• Exercise prompt:
Output all entries verbatim.

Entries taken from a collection
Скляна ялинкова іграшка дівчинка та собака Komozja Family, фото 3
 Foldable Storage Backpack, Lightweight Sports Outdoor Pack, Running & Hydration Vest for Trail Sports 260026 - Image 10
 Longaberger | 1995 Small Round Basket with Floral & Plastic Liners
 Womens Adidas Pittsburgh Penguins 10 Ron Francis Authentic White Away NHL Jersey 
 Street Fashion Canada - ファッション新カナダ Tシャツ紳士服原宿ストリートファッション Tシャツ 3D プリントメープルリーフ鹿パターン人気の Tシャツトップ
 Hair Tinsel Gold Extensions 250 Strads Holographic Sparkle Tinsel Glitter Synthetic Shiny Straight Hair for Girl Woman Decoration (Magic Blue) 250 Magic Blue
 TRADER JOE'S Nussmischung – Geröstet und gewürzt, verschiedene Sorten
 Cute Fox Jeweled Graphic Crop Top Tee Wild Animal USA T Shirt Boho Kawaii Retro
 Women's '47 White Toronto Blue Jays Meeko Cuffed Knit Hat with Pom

• Exercise answer:
Скляна ялинкова іграшка дівчинка та собака Komozja Family, фото 3
 Foldable Storage Backpack, Lightweight Sports Outdoor Pack, Running & Hydration Vest for Trail Sports 260026 - Image 10
 Longaberger | 1995 Small Round Basket with Floral & Plastic Liners
 Womens Adidas Pittsburgh Penguins 10 Ron Francis Authentic White Away NHL Jersey 
 Street Fashion Canada - ファッション新カナダ Tシャツ紳士服原宿ストリートファッション Tシャツ 3D プリントメープルリーフ鹿パターン人気の Tシャツトップ
 Hair Tinsel Gold Extensions 250 Strads Holographic Sparkle Tinsel Glitter Synthetic Shiny Straight Hair for Girl Woman Decoration (Magic Blue) 250 Magic Blue
 TRADER JOE'S Nussmischung – Geröstet und gewürzt, verschiedene Sorten
 Cute Fox Jeweled Graphic Crop Top Tee Wild Animal USA T Shirt Boho Kawaii Retro
 Women's '47 White Toronto Blue Jays Meeko Cuffed Knit Hat with Pom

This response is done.